- _Records for the exercise_:
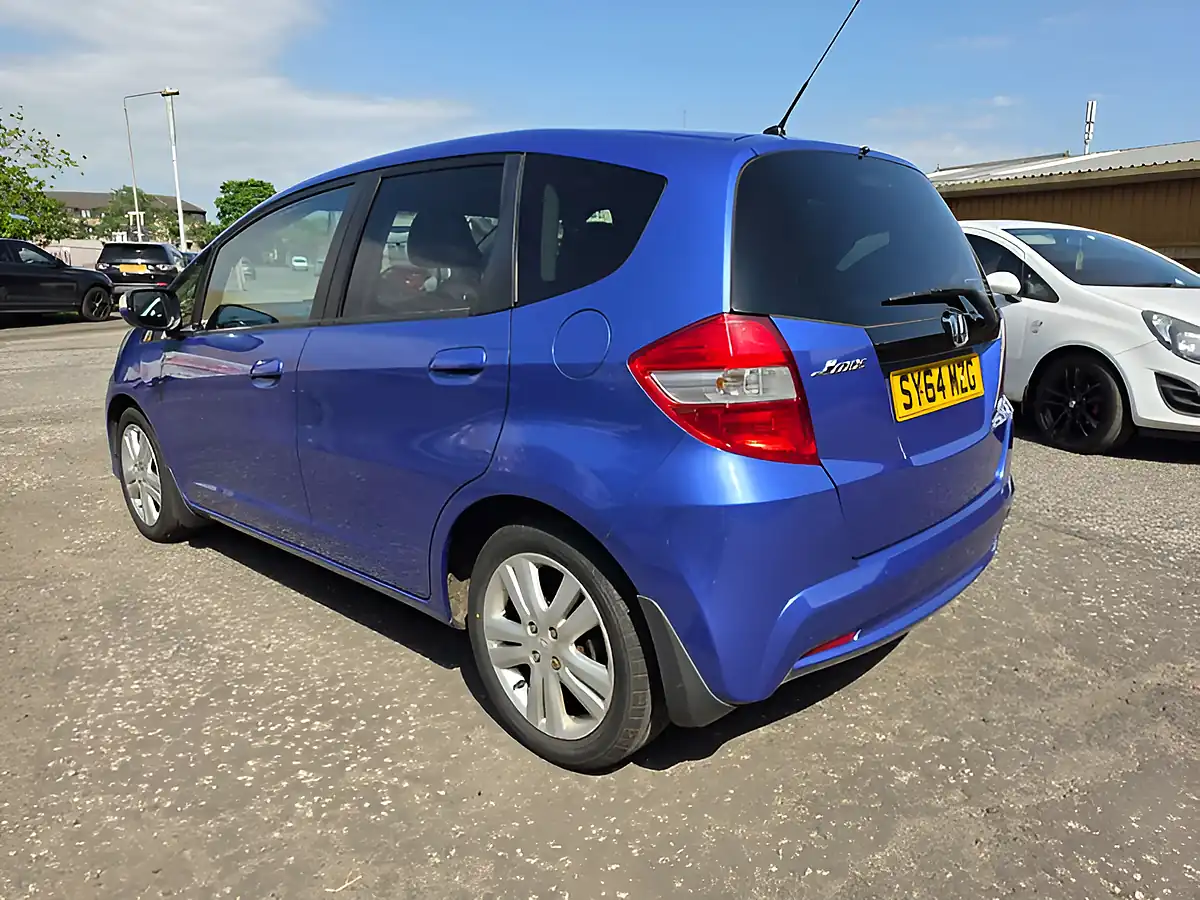Used 2014 Honda Jazz Es+ Blue - Interior and Exterior details 8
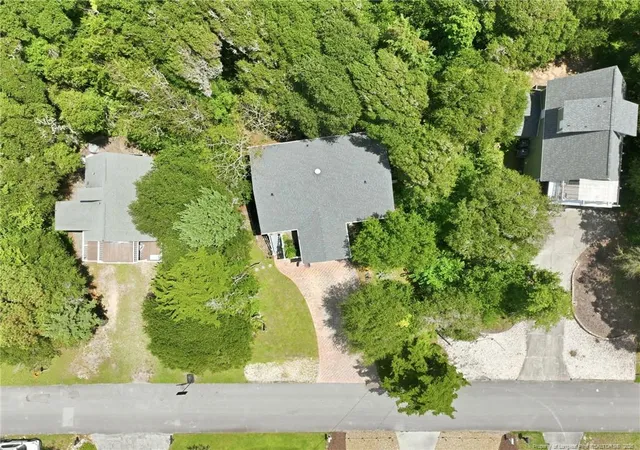 Photo 3 of Single family home for sale at 112 Purdie Dr, Emerald Isle, NC 28594 | MLS# 767474 | Listing updated on 2026-09-19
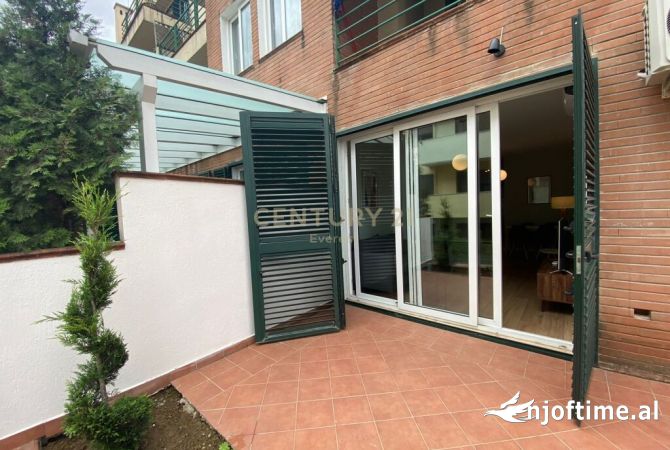 Shtepi ne shitje Apartament ne Tirane, 1+1, Mobilimi E mobiluar, Pagesa 135,000  Euro.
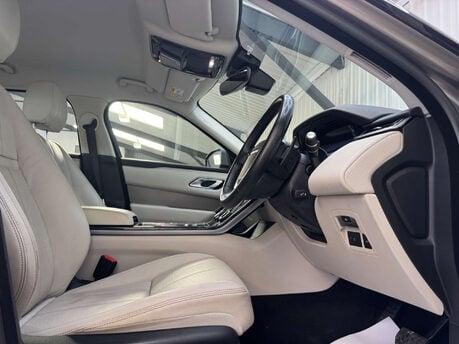 Land Rover Range Rover Velar 2.0 Range Rover Velar SE D180 Auto 4WD 5dr 52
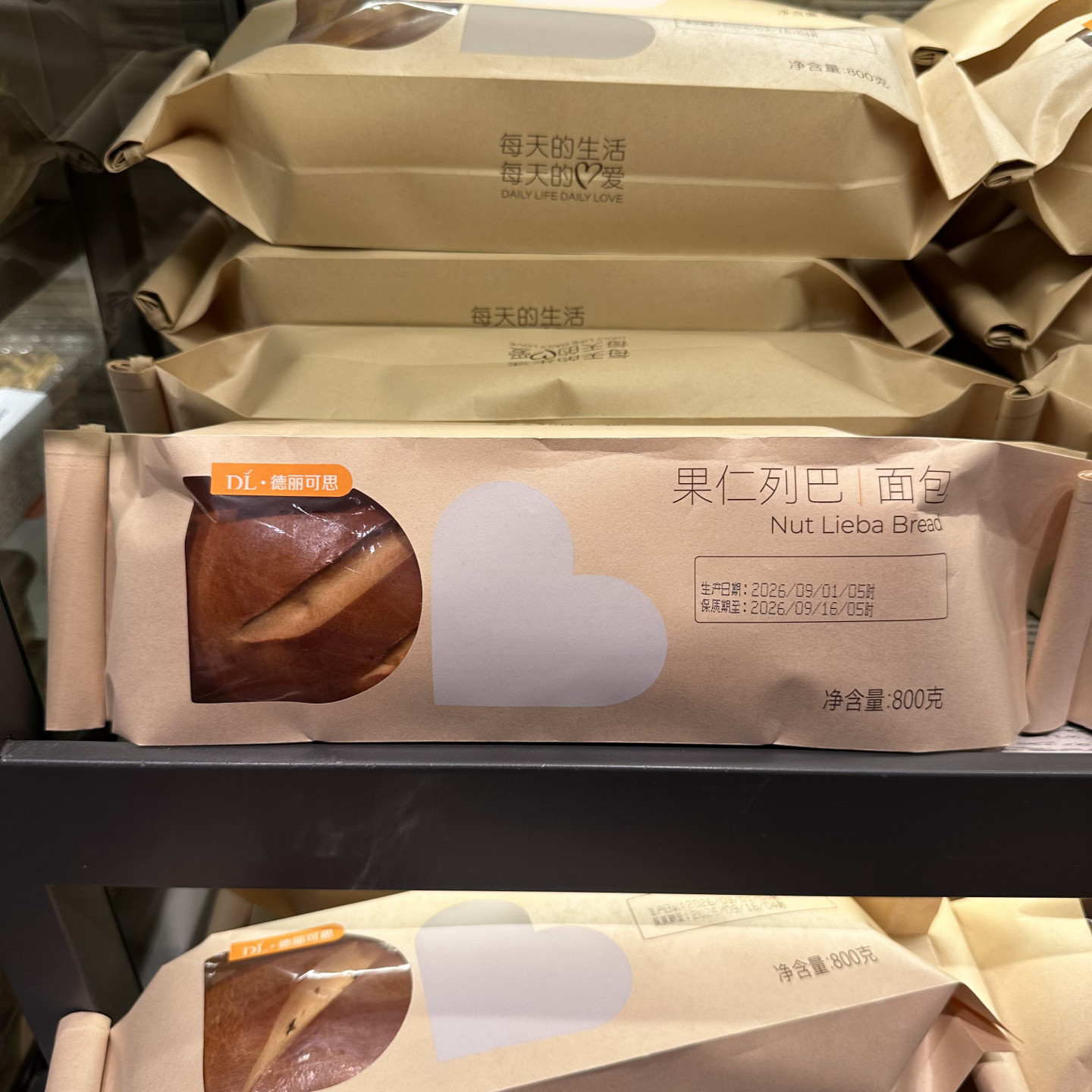 胖东来代购果仁列巴 800g 德丽可思大列巴坚果夹心早餐面包图片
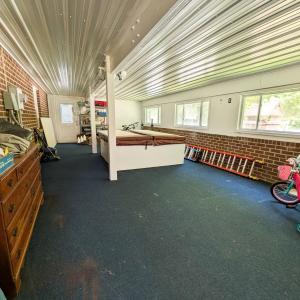 Below Grade - Sunroom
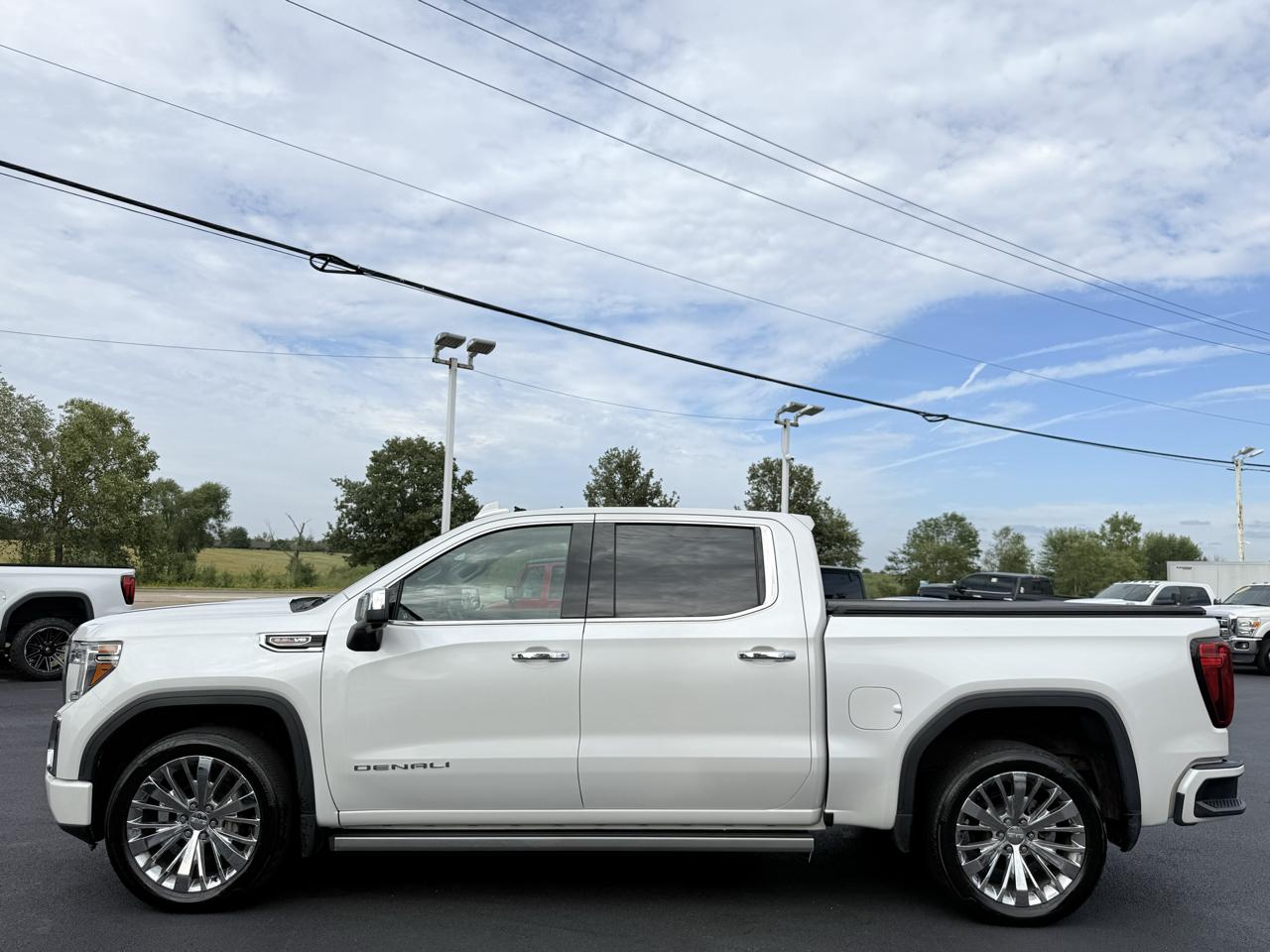 GMC Sierra Denali AWD Crew Cab 143.5" 2022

- _Exercise_: Starting with the line that has "Shtepi ne shitje" and ending with the last line of the records, retype every line exactly and only those lines. Do not include the pictures.

- _Exercise solution_:
 Shtepi ne shitje Apartament ne Tirane, 1+1, Mobilimi E mobiluar, Pagesa 135,000  Euro.
 Land Rover Range Rover Velar 2.0 Range Rover Velar SE D180 Auto 4WD 5dr 52
 胖东来代购果仁列巴 800g 德丽可思大列巴坚果夹心早餐面包图片
 Below Grade - Sunroom
 GMC Sierra Denali AWD Crew Cab 143.5" 2022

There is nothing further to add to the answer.